▶ _Task directions_: Reproduce the data below in full and to the letter, images excepted.

Saved entries

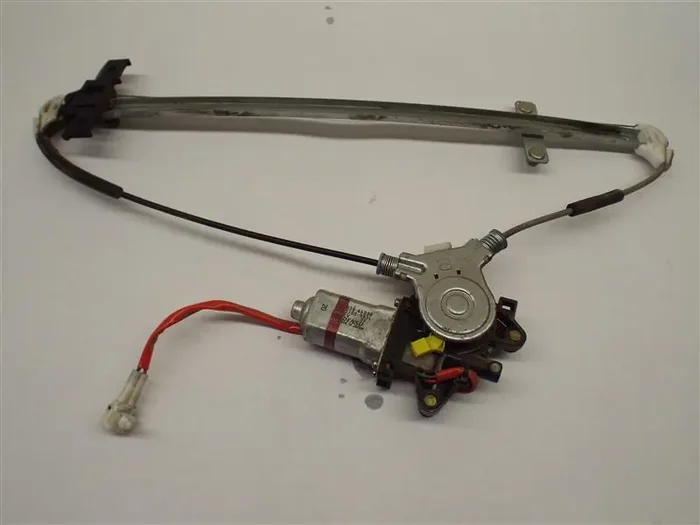 Rear Window Regulator Vitara 99 00 01 02 03 – 06 Right – MRK193442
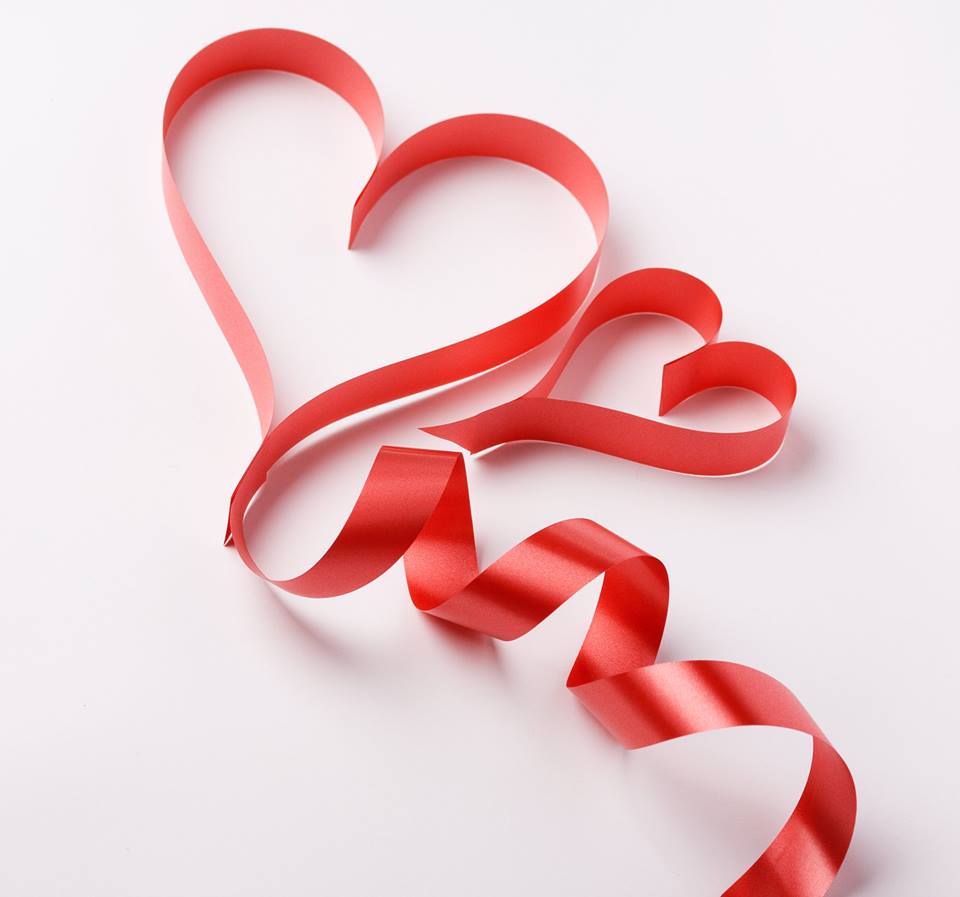 HaenenMelissa's tweet photo. WIN WIN: Bezoek de #PromoButler Facebookpagina en win met jouw #valentijn foto een #cadeaubon van O&amp;O Trendy Wonen! http://t.co/tYzduxylxa
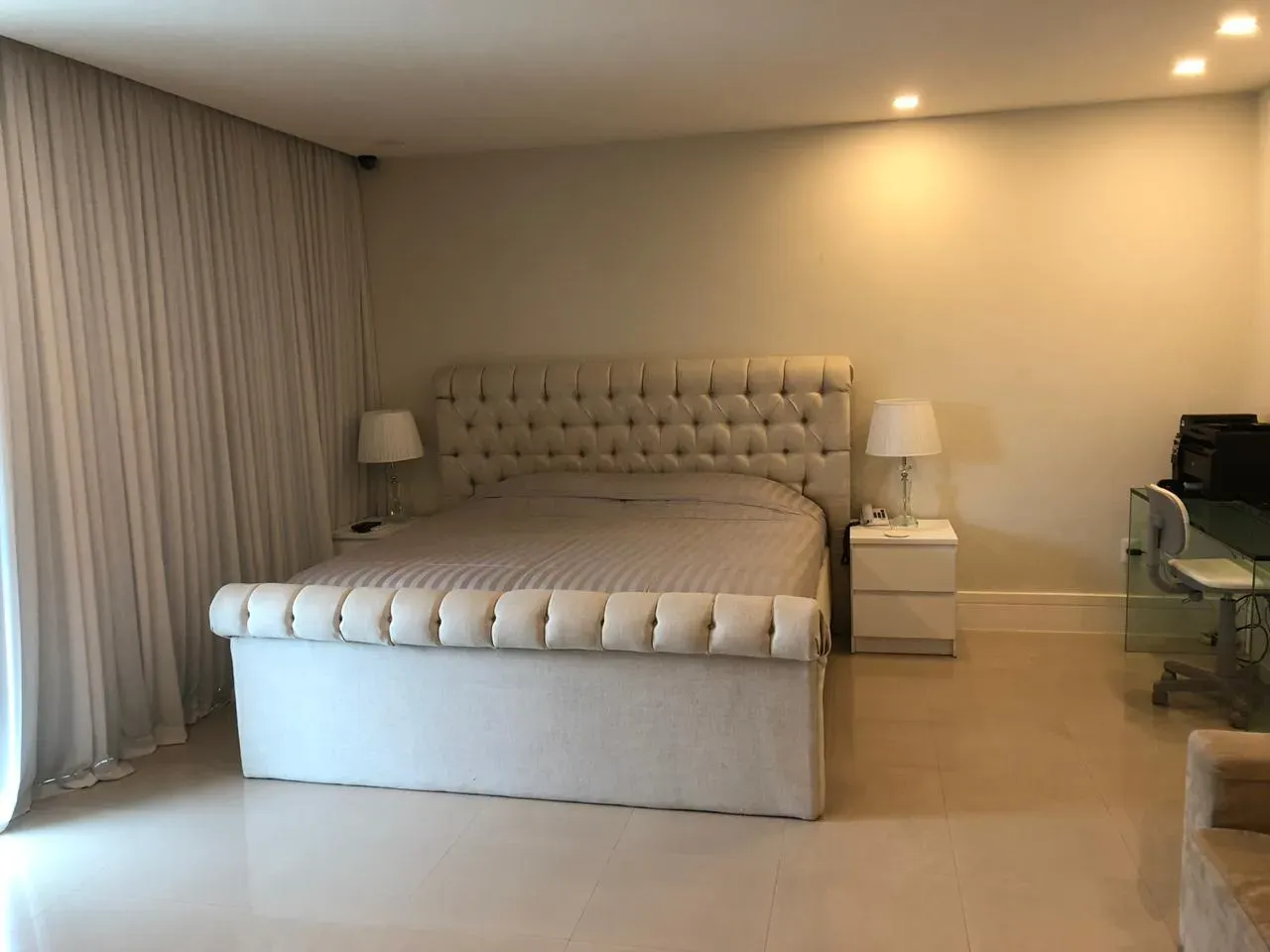 Casa amueblada con 5 suites, 600 m² y 4 plazas — photo 4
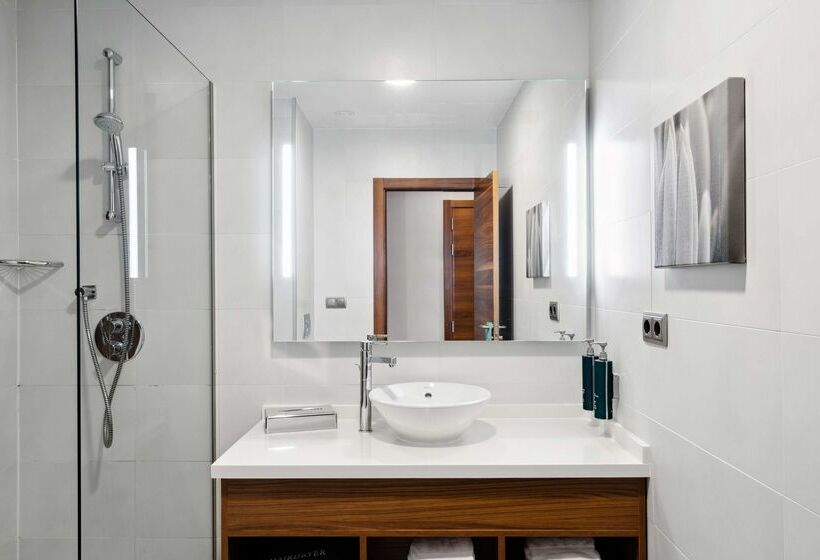 هتل Hilton Garden Inn Sevilla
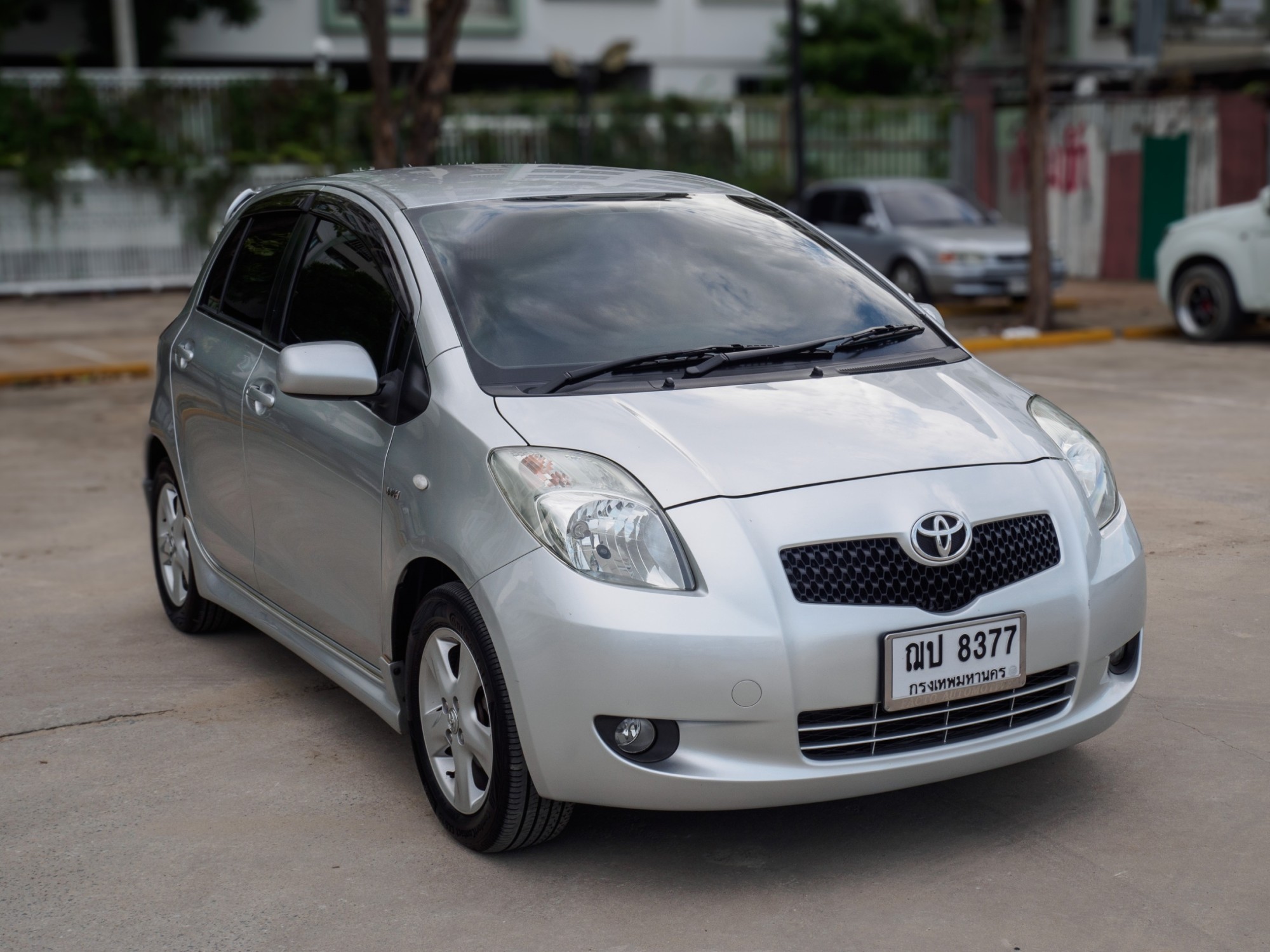 2009 Toyota Yaris สีเทา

▶ _Problem solution_:
 Rear Window Regulator Vitara 99 00 01 02 03 – 06 Right – MRK193442
 HaenenMelissa's tweet photo. WIN WIN: Bezoek de #PromoButler Facebookpagina en win met jouw #valentijn foto een #cadeaubon van O&amp;O Trendy Wonen! http://t.co/tYzduxylxa
 Casa amueblada con 5 suites, 600 m² y 4 plazas — photo 4
 هتل Hilton Garden Inn Sevilla
 2009 Toyota Yaris สีเทา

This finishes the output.